I want you to stay there a moment, sansho, and ask everyone on BJOL reading to do screen captures, while I tell you that many of us are concerned and anxious about your behavior and plans.

Huh....seems a little dick-ish when you boil it down.


11:33 PM Nov 20th
 
sansho1
It's telling, OldBackstop, that you would include the full text of that speech, thinking any fair-minded person would consider it rudeness and harassment. And "paying customer", as though just anyone who comes through the door might get lectured from the stage. We rabble only get a few chances at face-fo-face encounters with those who would govern us, and this man didn't waste it. Good for him. Read the words again. Is there a good or bad side to be on with respect to them?
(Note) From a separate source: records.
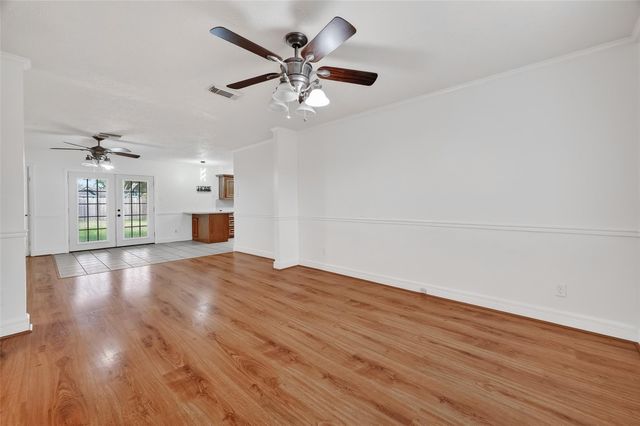 1125 E Lambuth Lane, Deer Park, TX 77536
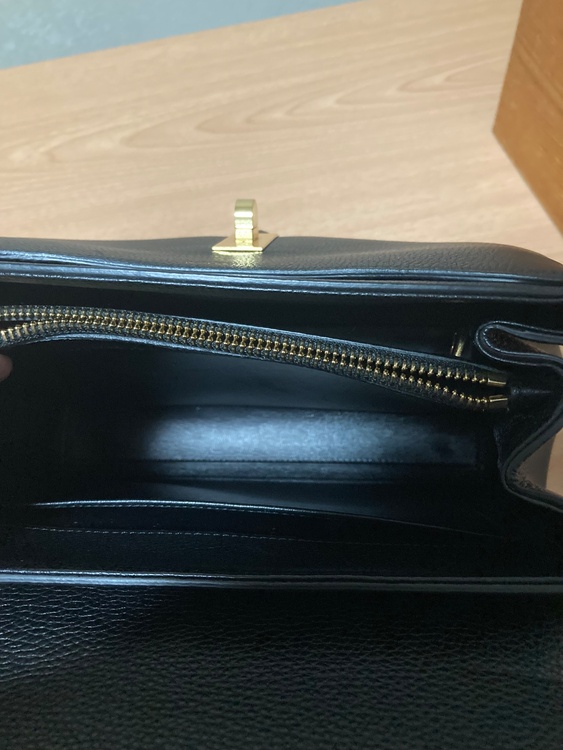 セーズスモールブラック（ブランドバッグ）の商品画像 - 査定依頼日：2025年12月9日 - 最高査定価格：300,000円
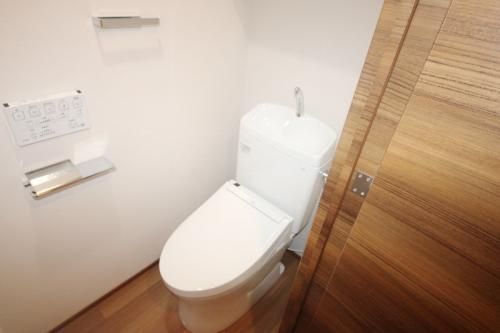 トイレ　（別タイプ参考写真）ALTERNA大塚　豊島区北大塚２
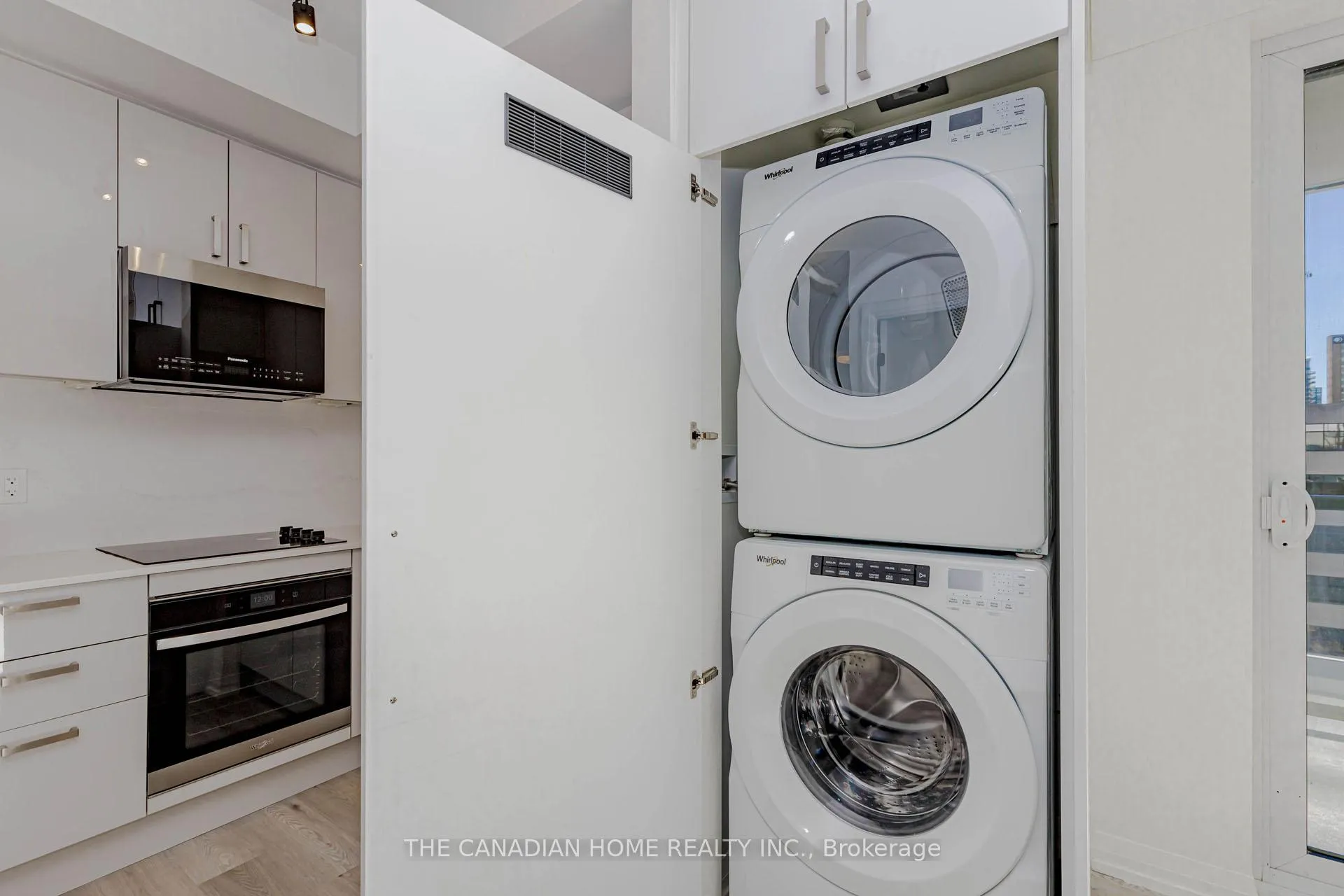 Photo 39 of Unit 704, 280 Dundas Street W, Toronto, Kensington-Chinatown — HOMEH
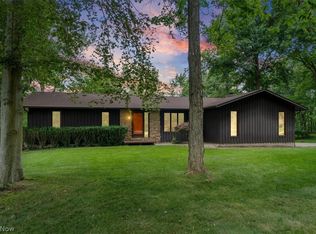 409 Whittlesey Dr, Tallmadge, OH 44278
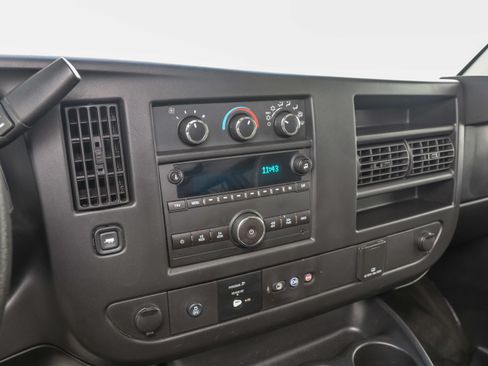 Used 2015 Chevrolet Express 3500 LT w/ LT Preferred Equipment Group RWD image 18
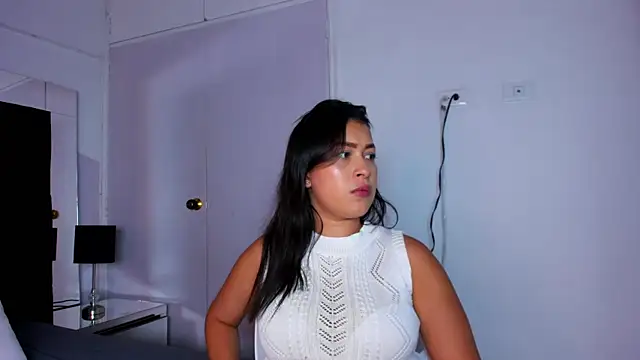 Snapshot of Miaa_Garcia chatting on February 4, 8:38 pm Miaa Garcia online show from February 4, 8:38 pm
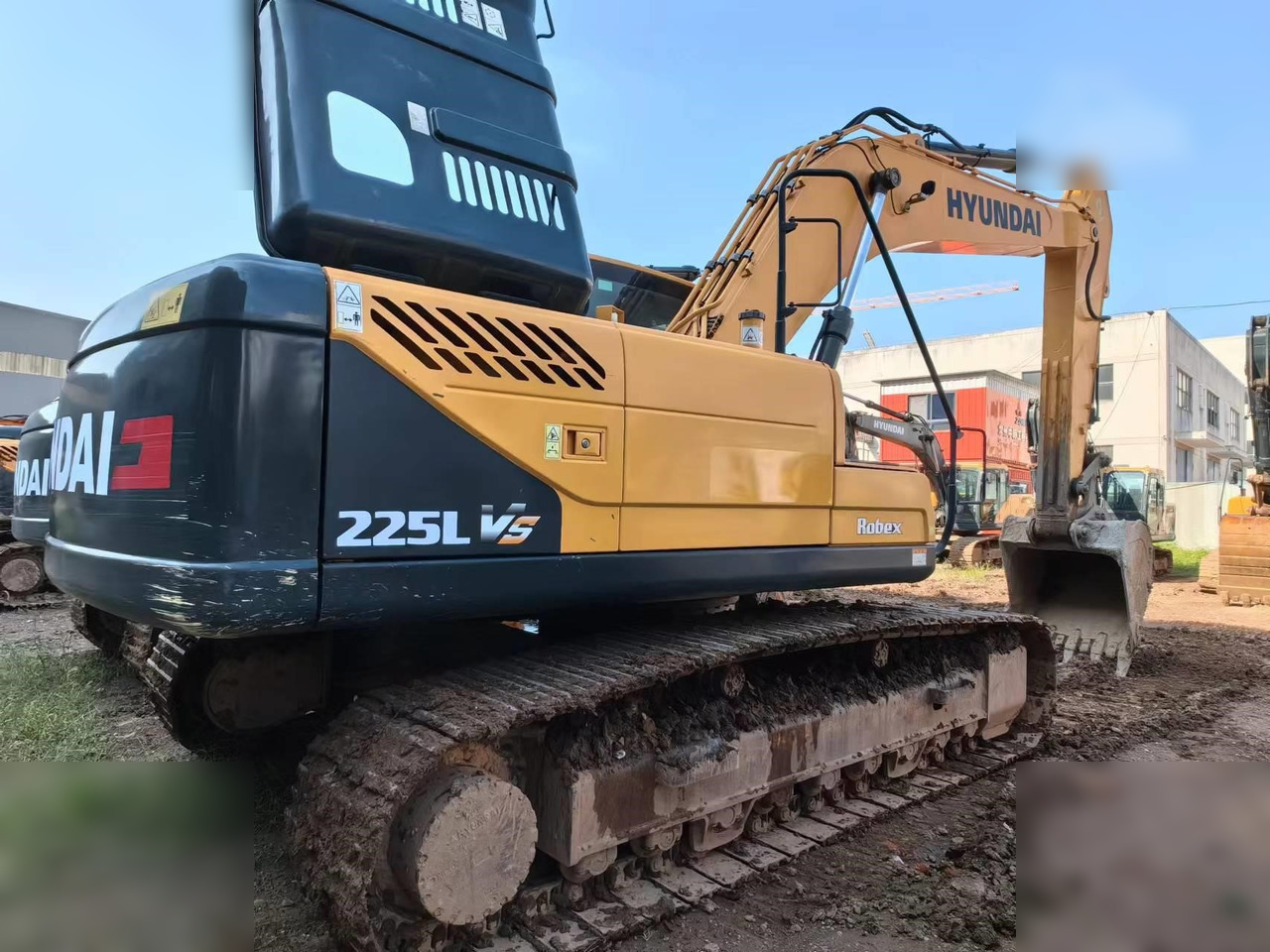 HYUNDAI 225LC-9 - 크롤러 굴삭기 : 사진 2 HYUNDAI 225LC-9 - 크롤러 굴삭기 : 사진 2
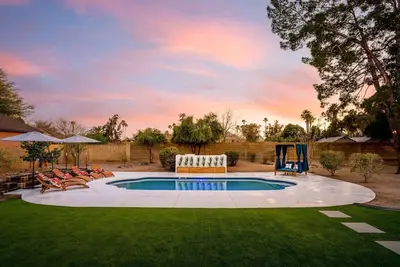 Image de Lux 7 Bed Home With Pool, Sport Court, and More!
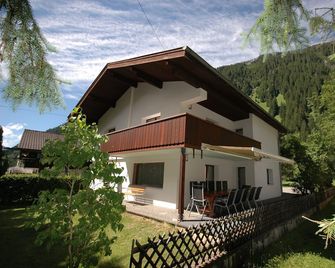 Individual offers- 2-14 pers. 2 apartments and 2 double rooms available - Parthenen - Будівля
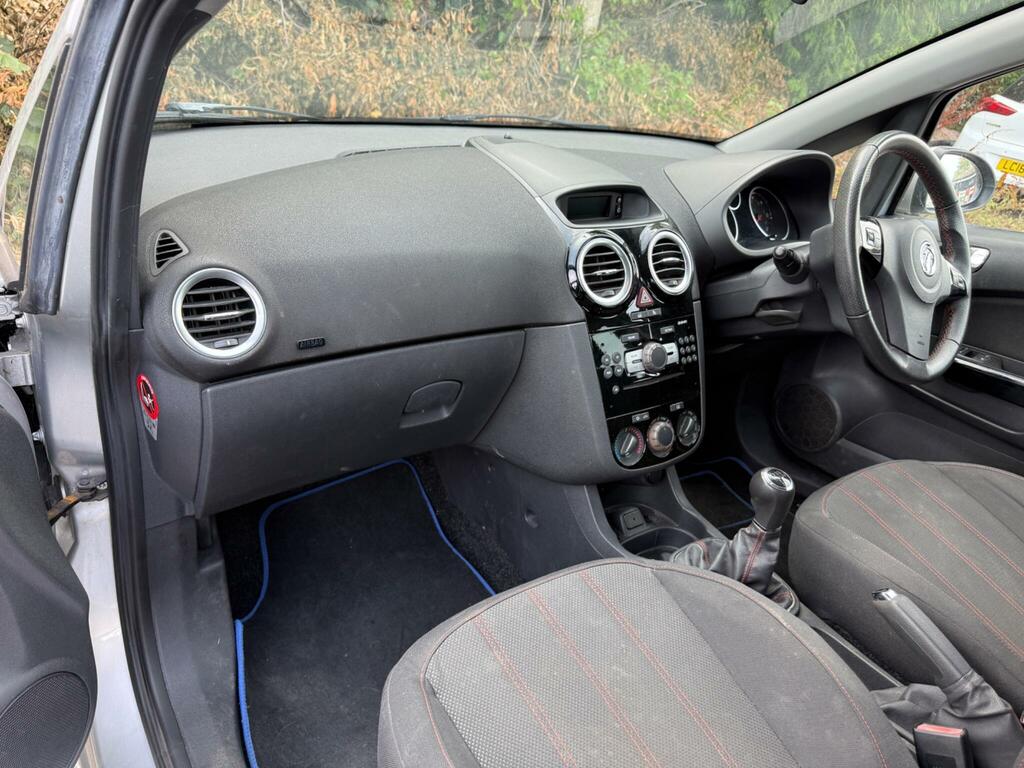 Vauxhall Corsa 1.4 16V Se Hatchback Wide Ratio Grey #21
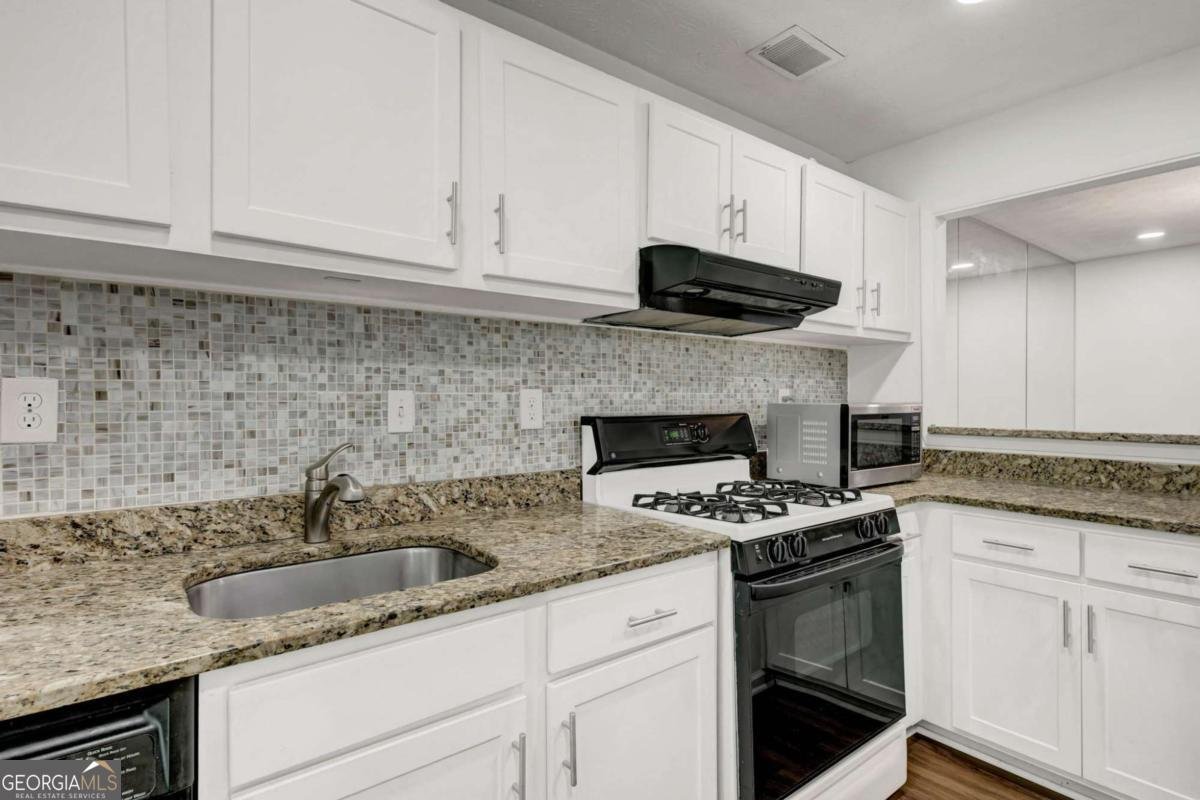1301 Cumberland Court Smyrna - Photo 12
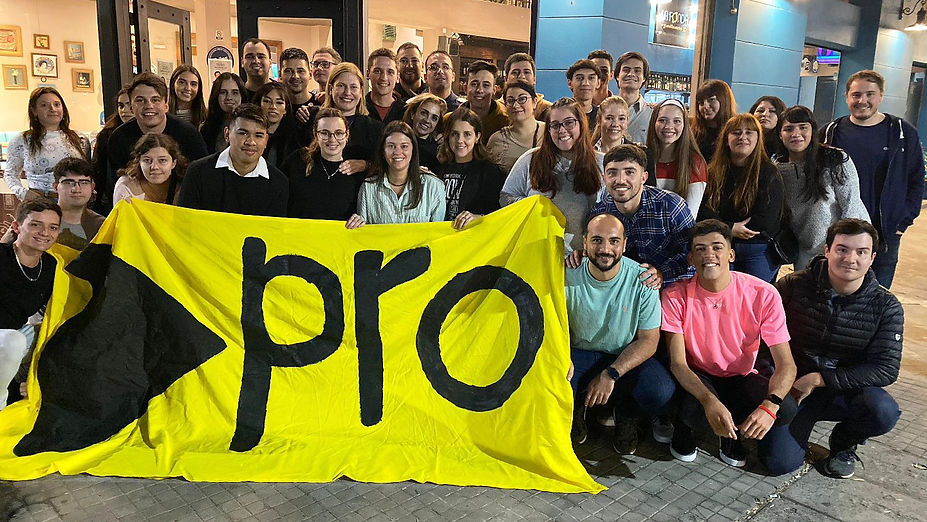 Gran noche en Rosario con los jóvenes PRO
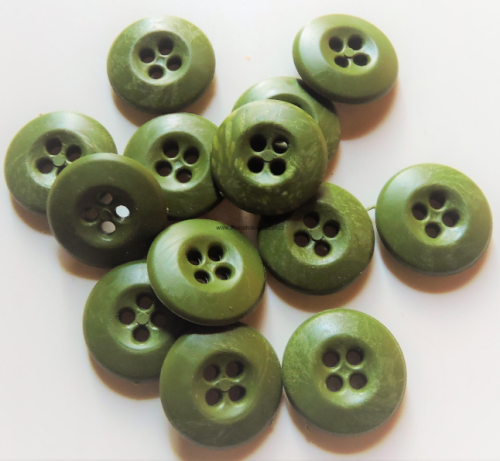 Пластиковые пуговицы vz.60 для блузки.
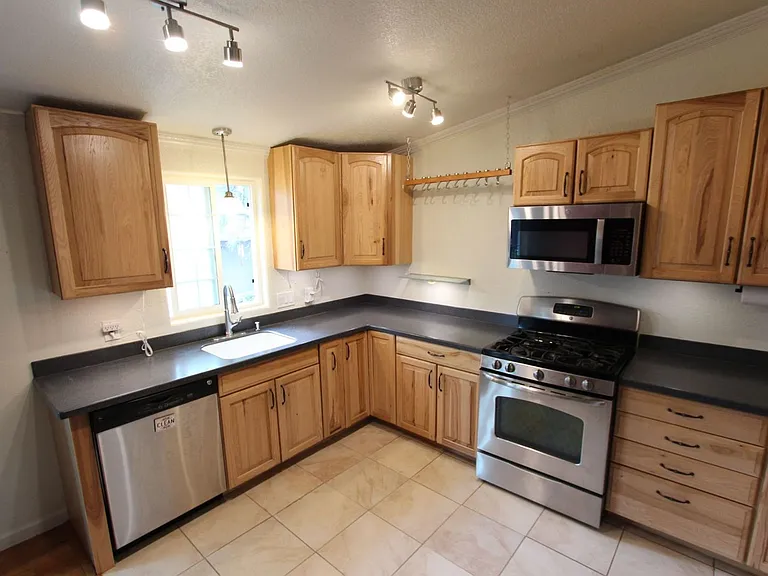 95 E Camille Dr — Photo 7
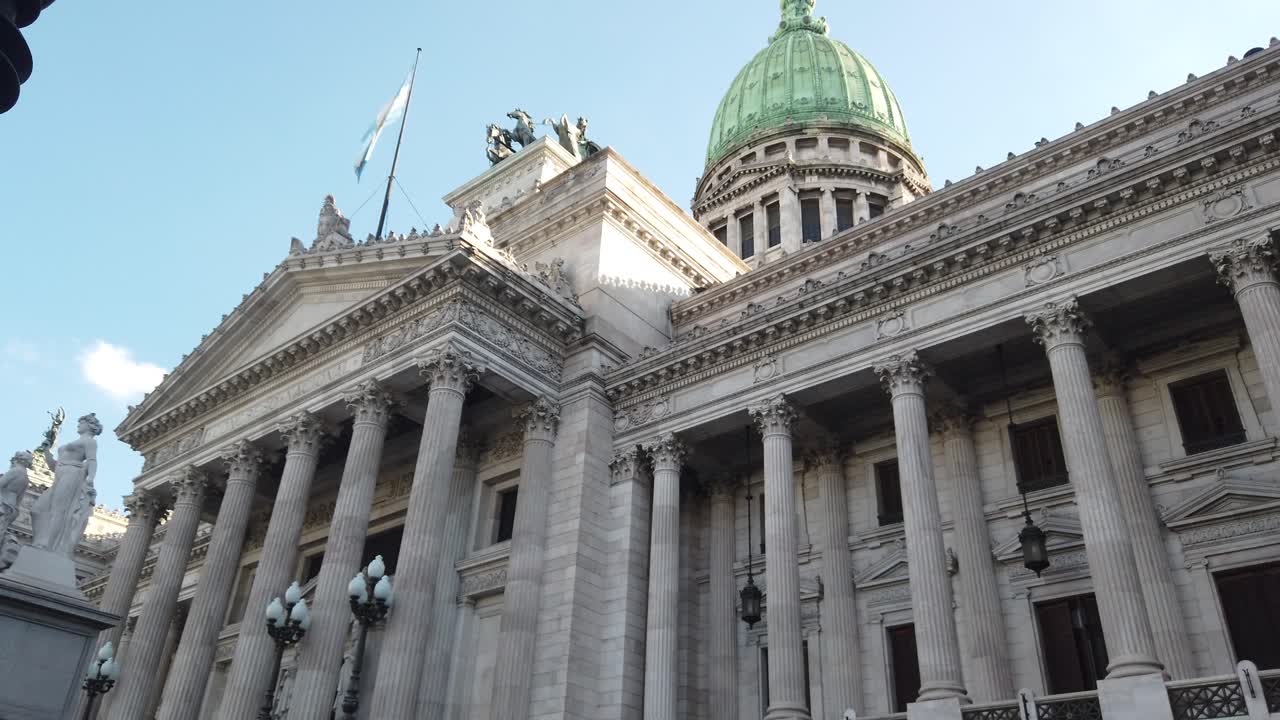Lenta panoramica che inquadra il Palazzo del Congresso Nazionale Argentino a Buenos Aires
If so, which side are you on?
10:20 PM Nov 20th
 
FrankD
There was a man who never said a bad thing about anybody. So to test his resolve someone asked him to say something good about Trump .......

After thinking for quite a while, he said: "Hillary was worse" .......

I think that explains the last election ............
9:59 PM Nov 20th
 
OldBackstop
I think one of the all-time weenie moments this year was the "Hamilton" harassment of Mike Pence. The best characterization I have heard was by Springsteen's guitar player Stevie Vandt Zandt, saying that Pence was a guest and it was "rude." (I'm guessing Stevie has sat through enough political rants from his boss to want to staunch a trend of individual call outs.)

Here is the complete statement of the actor Brandon Victor Dixon, trying to lecture Pence, who fortunately was already exiting. Harassment is the perfect word, saying "hear me out and everyone tweet this" at a paying customer who had already been booed, but note the bolded part:

Thank you so much for joining us tonight. You know, we had a guest in the audience this evening. And Vice President-elect Pence, I see you're walking out but I hope you will hear us just a few more moments. There's nothing to boo here ladies and gentlemen. There's nothing to boo here, we're all here sharing a story of love.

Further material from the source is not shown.